Между тем ничего не происходило. Поезд пересек границу, но никто даже не заглянул в его паспорт. В какой-то момент он лишь с удивлением отметил, что состав снова несется по территории Германии. Некоторое время спустя он уже въезжал в какой-то город по мостам, мимо вольной гавани, пакгаузов, складов и кранов, разных зданий специального назначения.
Крытый перрон вокзала выглядел как обычно – никто его здесь не ждал, никто не спешил ему навстречу. Он чуточку больше времени провел в состоянии крайнего одиночества здесь, где все встречали друг друга и заключали в объятия в этом месте встреч.

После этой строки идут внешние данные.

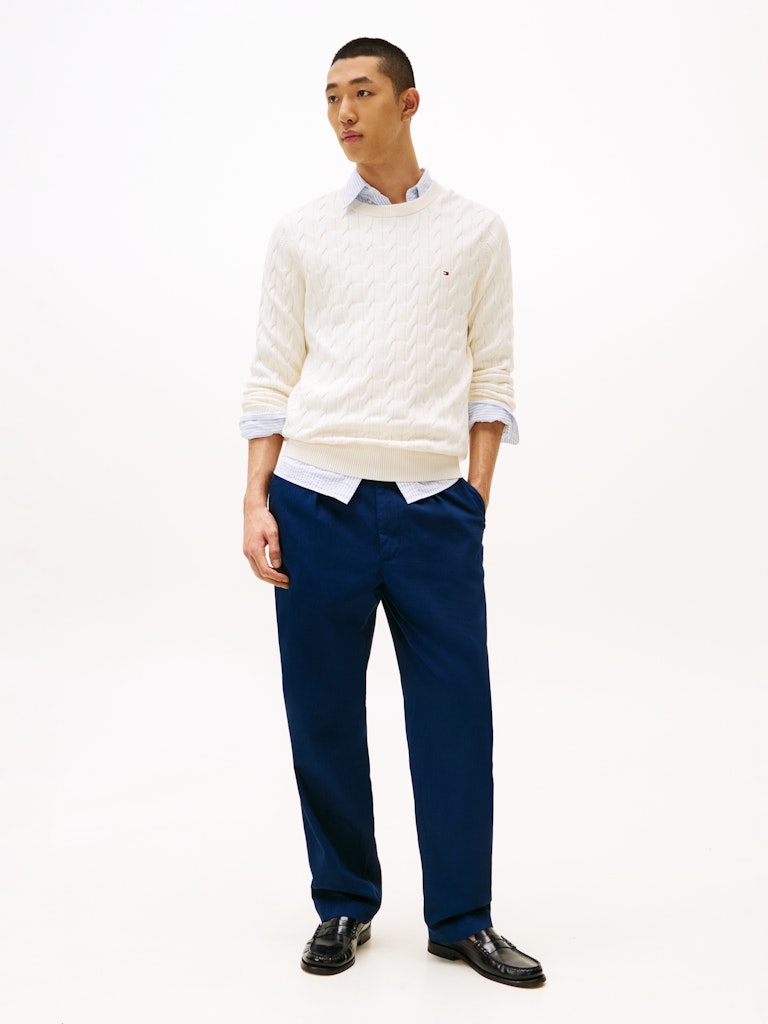Tommy Hilfiger Erkek Ekru  O Yaka  Triko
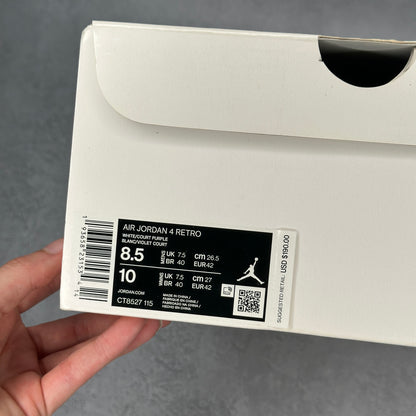 Jordan 4 Retro Metallic Purple *pre-owned* SIZE 8.5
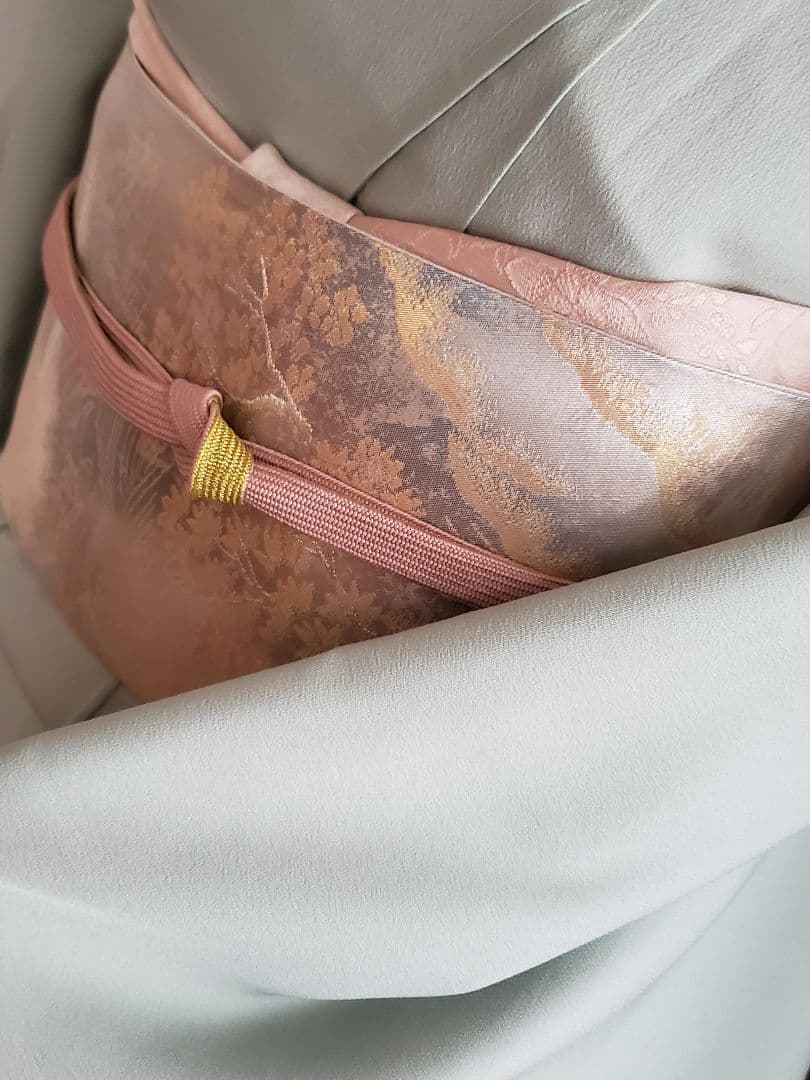 【着物・帯セット＊】水色の訪問着　スワトウ刺繍　盛り金　白金色の袋帯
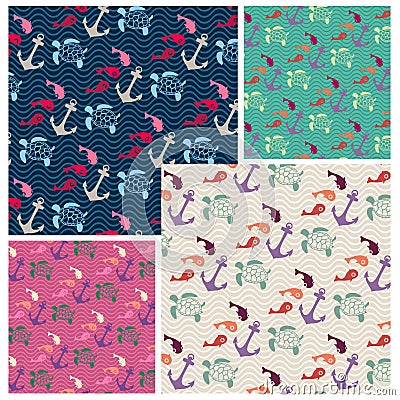 Sea pattern set Vector Illustration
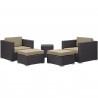 Modway Convene 5 Piece Outdoor Patio Sectional Set in Espresso Mocha - Set in Front Side Angle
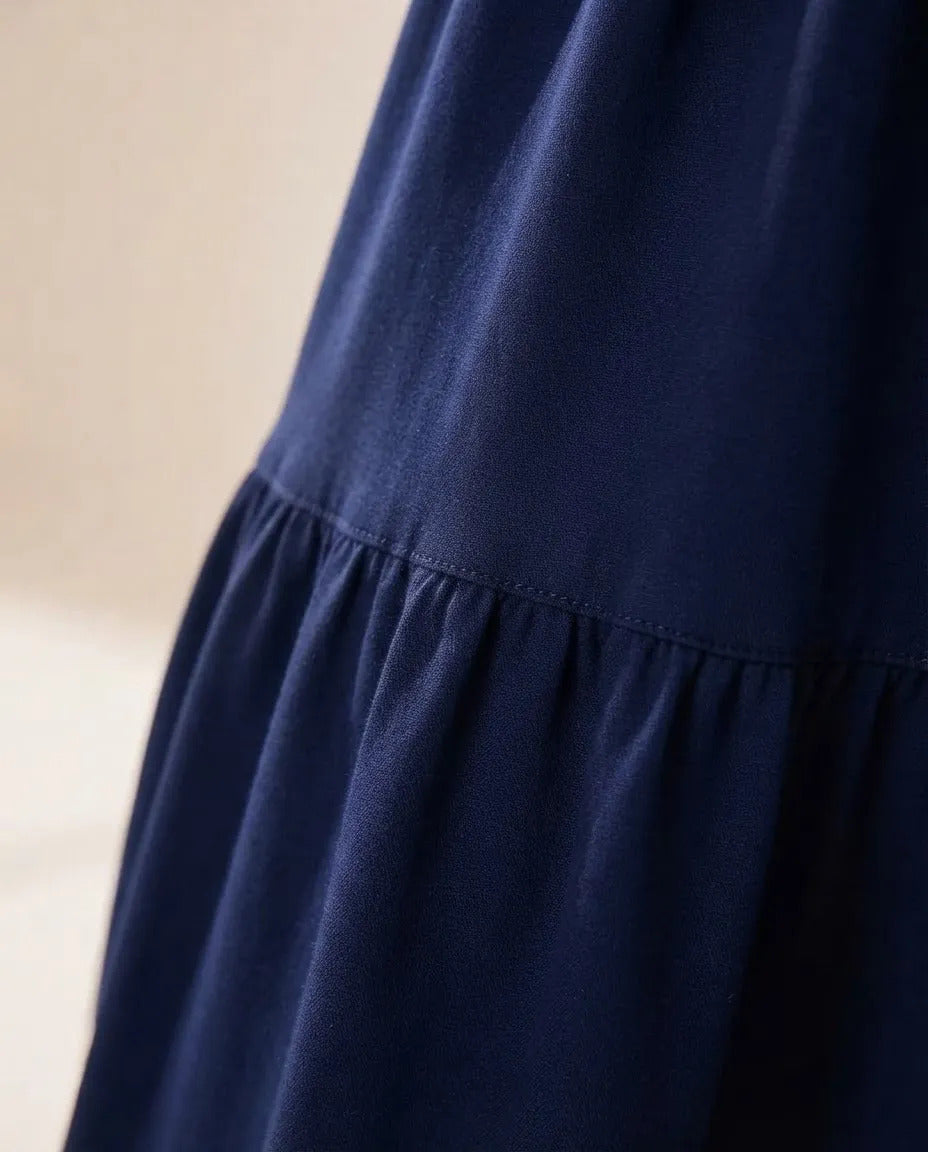 Vestido Longo Feminino Regata Três Marias Algodão Soltinho Azul-marinho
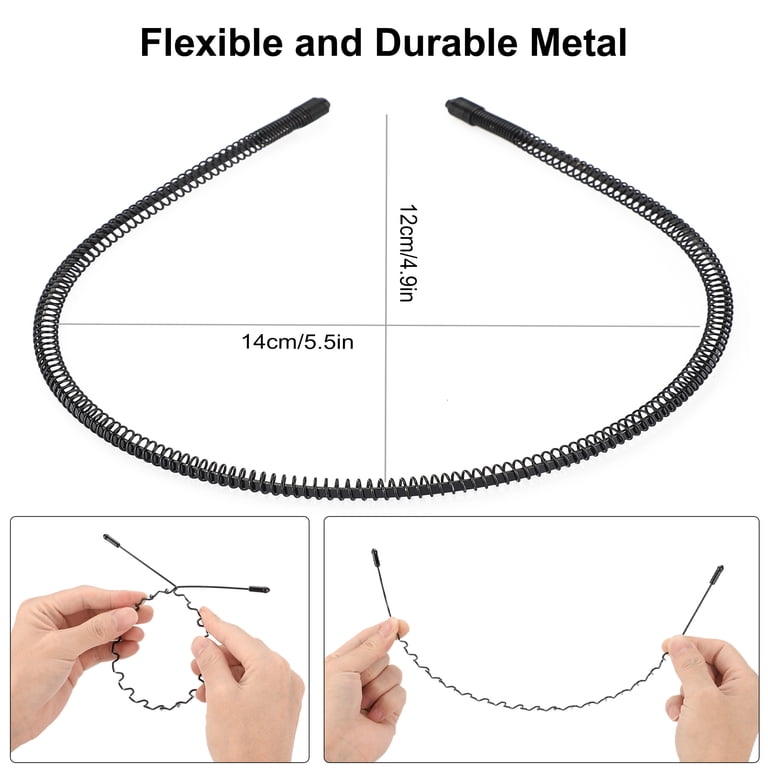 TSV 6Pcs Metal Hair Bands, Wavy Spring Headbands for Men  display picture 1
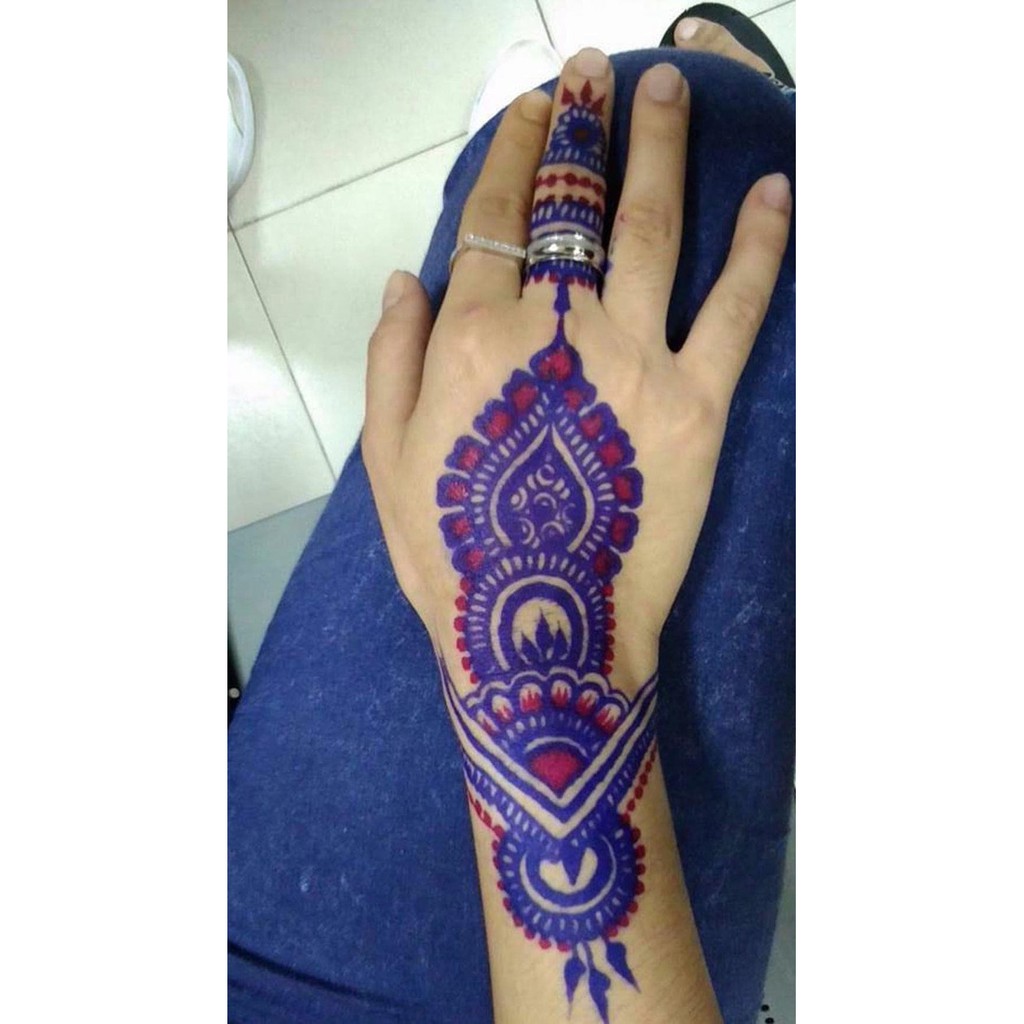 Paket Henna + Cetakan Tangan Golecha Hena Rangeela Rainbow - Biru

Он, как когда-то, снова постоял на мосту, обратив взор на железнодорожные пути; не оборачиваясь, как восемь дней назад, прислонился к стальному грязному поручню эскалатора, потом заглянул на пути, где все осталось по-старому, почти все, только… Возможно, он производил впечатление пассажира в ожидании пересадки, чтобы по возможности не привлекать к себе интереса, растворившись в атмосфере безопасного мгновения своей жизни.
12
В поезде на протяжении почти всей бессонной ночи он пытался размышлять, стараясь расшифровать все с ним происшедшее. Но чем больше он взвешивал, тем больше запутывался, оказываясь в плену одних и тех же терзавших его сомнений. До его сознания все больше доходило, что кто-то разработал безумный план с очевидной целью скомпрометировать его, Левинсона, что совершено убийство писателя, а может, он и сам добровольно ушел из жизни (впрочем, это было бы удивительно), что он, Левинсон, в общем, немотивированным образом уехал, можно сказать, сбежал, только вот от чего – от самого себя? Он незаконно хранил у себя дома под матрацем оружие, кем-то присланное ему, только вот кем? И лежит ли оно все еще там?! И что из этого или какого-либо другого оружия был застрелен человек или не был застрелен. Кроме того, это весьма сомнительным образом связано с ним. Ну и финалом могла быть его сдача властям, которые давно его ждут, чтобы арестовать и вынуть звено из этой цепив момент его появления… Какой-то коварный план. Вокруг него разбросана какая-то рыболовная сеть. Как доказывать свою непричастность? Какие аргументы уже были у него в руках? Ведь он сознательно и целенаправленно избавлялся от всех доказательств, буквально сжигал их, причем, вероятно, в строжайшем соответствии с этим чудовищным планом. И вновь заявила о себе его старая идея, страстное желание продумывать порядок вещей с максимальной точностью и правильностью, чтобы быть в состоянии все предвидеть, чтобы заранее предопределить то, что впоследствии неизменно выглядит последовательным и однозначным, чтобы каким-то образом предвосхитить грядущее, всегда остававшееся, однако, абсолютно неосязаемым и неощутимым, словно в каком-то ином пространстве, вторжение в которое было под строгим запретом.
В Гамбурге, куда поезд прибыл ранним утром, прежде чем покинуть вокзал, он заложил свой чемодан в багажную ячейку и выпил в буфете чашку кофе. Словно в первый раз, медленно, почти ощупью пробирался по улицам квартала Санкт-Георг. Поначалу ему казалось, что кто-то снова за ним подглядывает или даже наблюдает. Потом это ощущение постепенно рассеялось, и он зашагал свободнее. Фактически здесь никто не проявлял к нему интереса.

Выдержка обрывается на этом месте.